Auch der Ort, wo dieses Recycling stattfindet, ist gesetzlich nicht festgelegt. Und so ist es durchaus wahrscheinlich, dass auch Teile unseres Hausmülls in Malaysia oder auf den Malediven in Hinterhöfen, auf Feldern oder Gärten landen oder von Meeresbewohnern gefressen werden. Da bleibt eine große Frage offen: hat eigentlich in 26 Jahren des DSD niemand dessen Zweckerfüllung überprüft und angemahnt?
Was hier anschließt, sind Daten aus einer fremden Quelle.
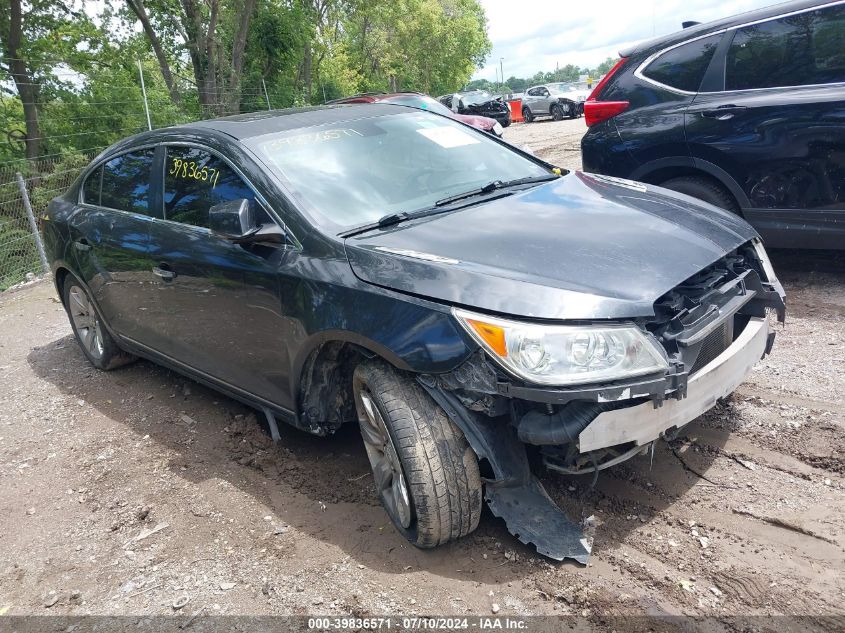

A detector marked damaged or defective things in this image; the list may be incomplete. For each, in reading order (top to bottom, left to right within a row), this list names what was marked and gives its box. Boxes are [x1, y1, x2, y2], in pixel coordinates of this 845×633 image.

damaged black sedan [44, 103, 784, 564]
torn fender [418, 378, 592, 564]
broken headlight assembly [452, 308, 668, 386]
crumpled front bumper [576, 316, 768, 454]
Übrigens entwickelt sich derzeit auch die Entsorgung von Elektroschrott in einem vergleichbaren System. Statt einem Zwang, die eigenen Geräte zurückzunehmen und dadurch dem Anreiz, diese recycelbar zu konstruieren, hat jeder Produzent lediglich für die Entsorgung seines prozentualen Marktanteils aufzukommen – durch eine pauschale Abgabe an ein Entsorgungsunternehmen.

 „Aufgrund dieses Dualen Systems haben die Erzeuger praktisch keinen Anreiz, Müll einzusparen – außer dem Image beim Kunden,“ kritisierte Herr Handel. Dieses Kundeninteresse hat immerhin dazu geführt, dass es bei Aldi nun auch loses Obst und Gemüse gibt oder dass Edeka Wurst und Käse auch in mitgebrachte Dosen abgibt – beides tolle Initiativen vor Ort, die wir Grünen sehr gern unterstützen. 

Eines steht fest: auch vor unser aller Haustür gibt es noch viel zu tun.